WHAT TO DO:
Starting at the line that contains "Authentic GUCCI Vintage", retype each line to the end of the listing below. Include both ends, but not the pictures.

TASK DATA:
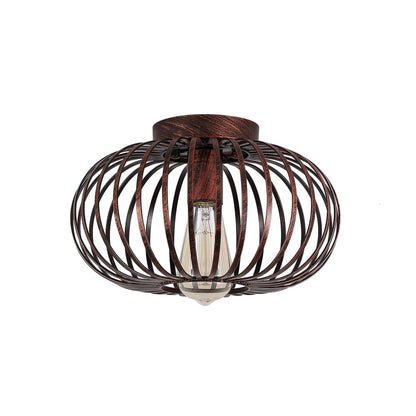 Modern Minimalist Iron Oval Lantern 1-Light Semi-Flush Mount Ceiling Light For Bedroom & Living Room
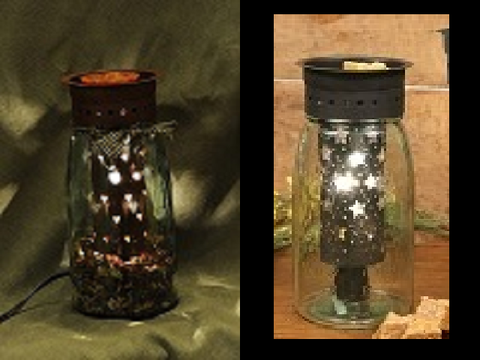 Quart Size Mason Jar Wax Warmer with Star Cut Out
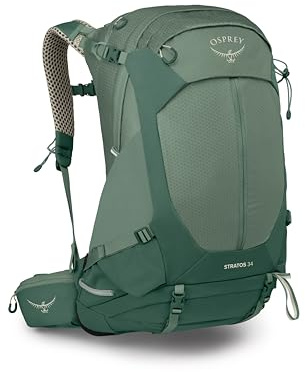Osprey STRATOS 34L Herren Wanderrucksack Campingtasche mit wasserdichtem Regenschutz, Flaschentaschen, Zahnriemen, Kiefernblatt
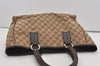 Authentic GUCCI Vintage Shoulder Tote Bag GG Canvas Leather 113017 Brown 2467J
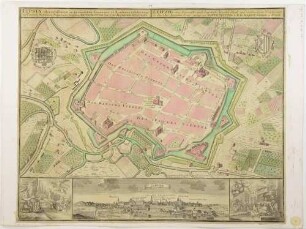 Stadtplan von Leipzig mit Festung und Gärten um die Stadt sowie mit einer Stadtansicht mit Bezeichnung aller Kirchen und zwei allegorischen Darstellungen von Wissenschaft und Handel sowie einem Maßstab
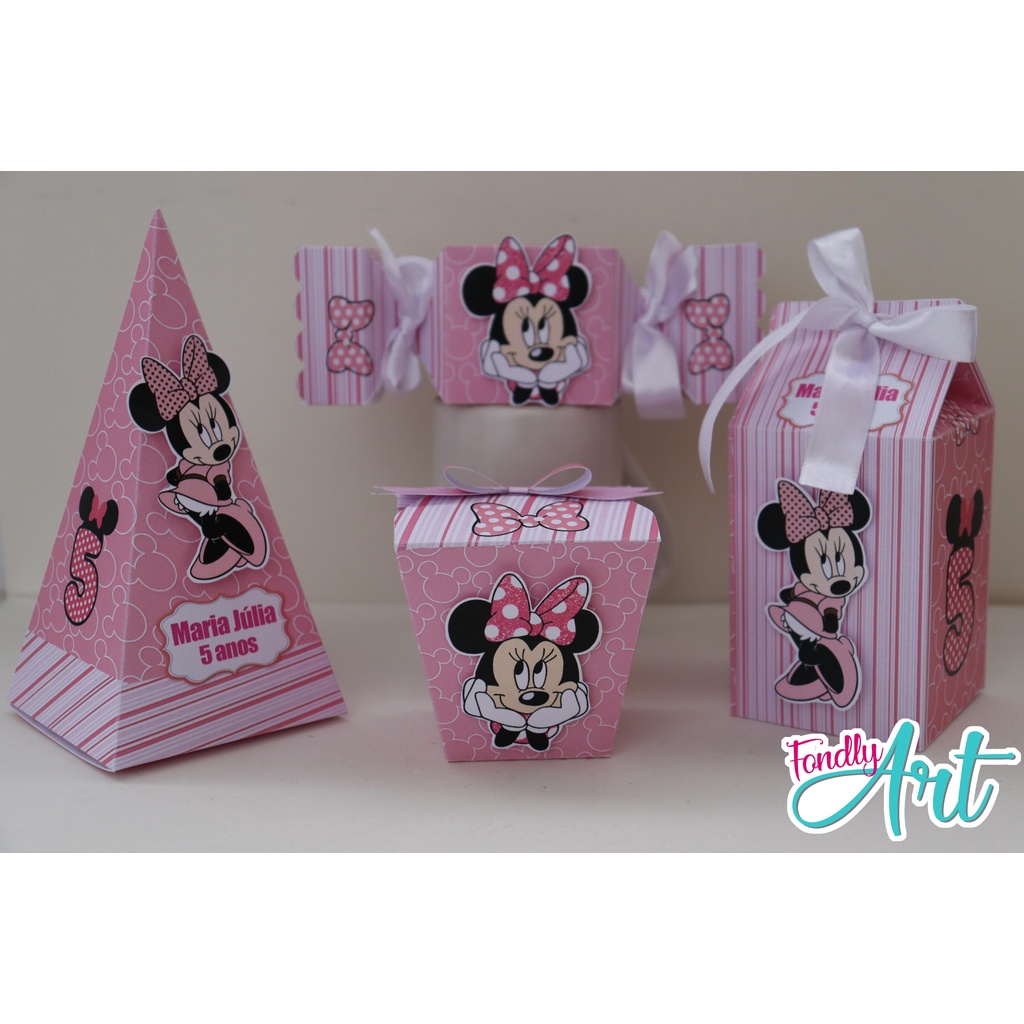 40 Caixinhas Tema Minnie Rosa - Caixinhas Para lembrancinhas - Minie Rosa Kit 40 itens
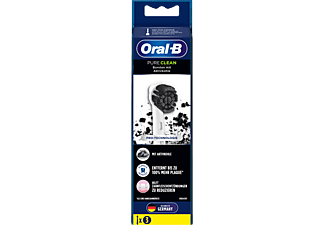 ORAL-B Pure Clean Bürstenköpfe mit Aktivkohle-Borsten - Ersatzbürstenköpfe (Weiss)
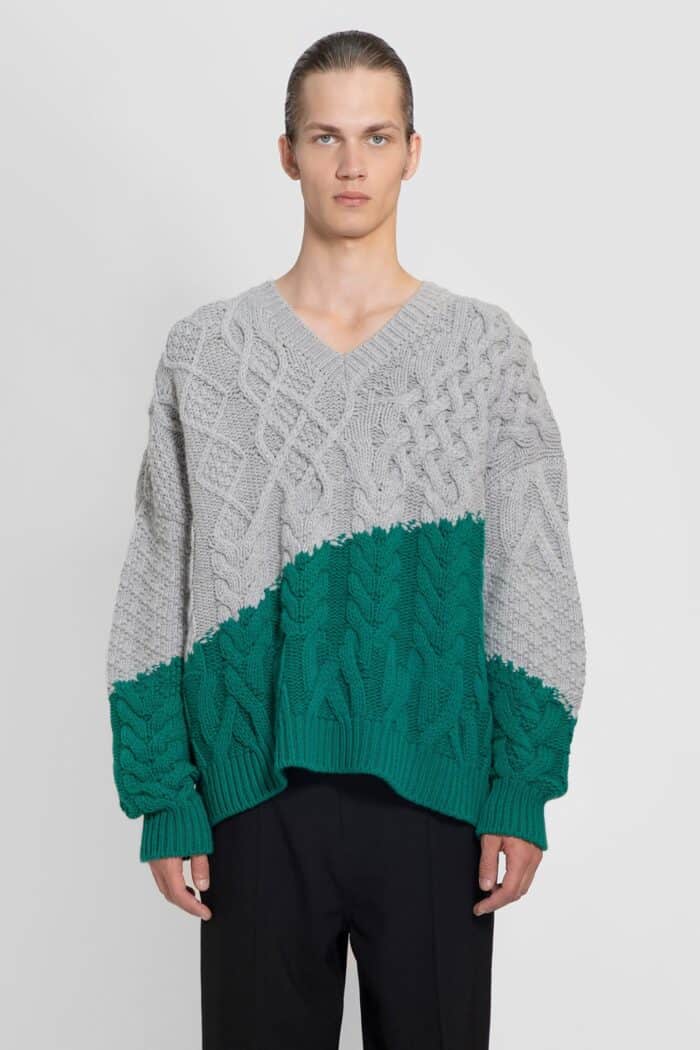 loewe two tone cable knit sweater in wool LOEWE Two-tone Cable Knit Sweater In Wool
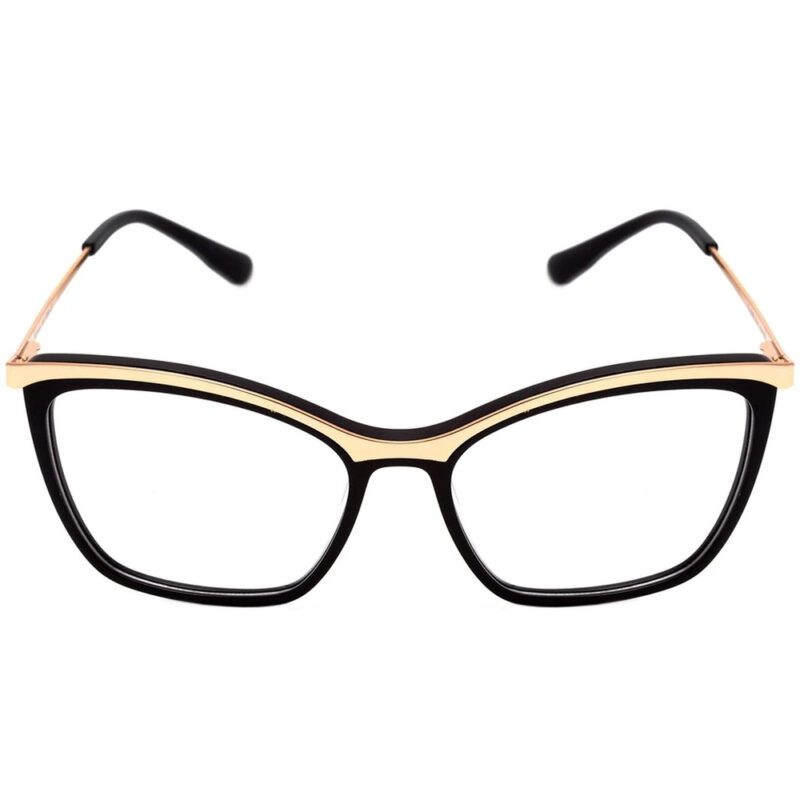 Óculos de Grau Feminino Gatinho Hickmann Acetato/Metal Preto modelo HI6107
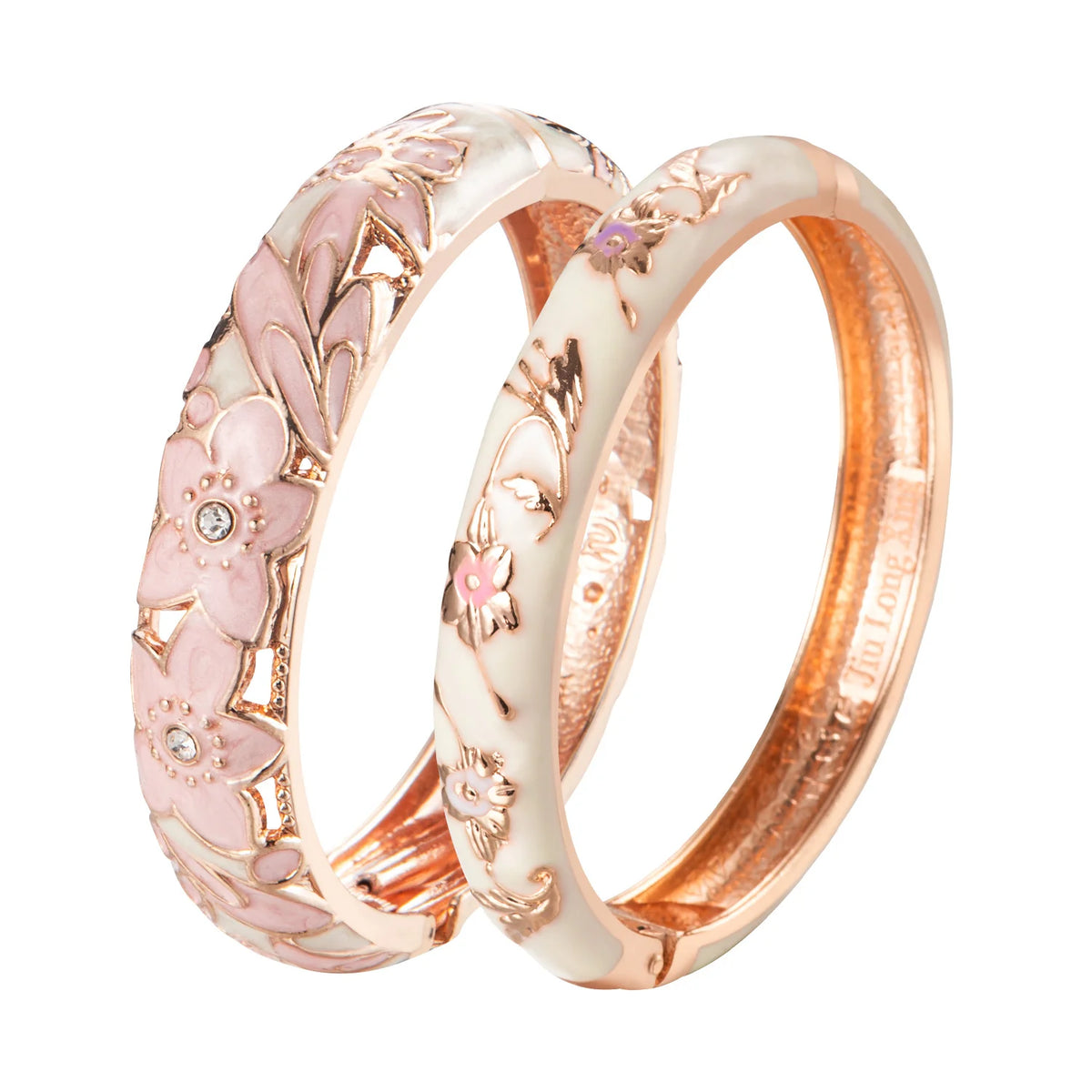 Elegant Double Enamel Cloisonne Bangle Set for Women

REPLY TO THE TASK:
 Authentic GUCCI Vintage Shoulder Tote Bag GG Canvas Leather 113017 Brown 2467J
 Stadtplan von Leipzig mit Festung und Gärten um die Stadt sowie mit einer Stadtansicht mit Bezeichnung aller Kirchen und zwei allegorischen Darstellungen von Wissenschaft und Handel sowie einem Maßstab
 40 Caixinhas Tema Minnie Rosa - Caixinhas Para lembrancinhas - Minie Rosa Kit 40 itens
 ORAL-B Pure Clean Bürstenköpfe mit Aktivkohle-Borsten - Ersatzbürstenköpfe (Weiss)
 loewe two tone cable knit sweater in wool LOEWE Two-tone Cable Knit Sweater In Wool
 Óculos de Grau Feminino Gatinho Hickmann Acetato/Metal Preto modelo HI6107
 Elegant Double Enamel Cloisonne Bangle Set for Women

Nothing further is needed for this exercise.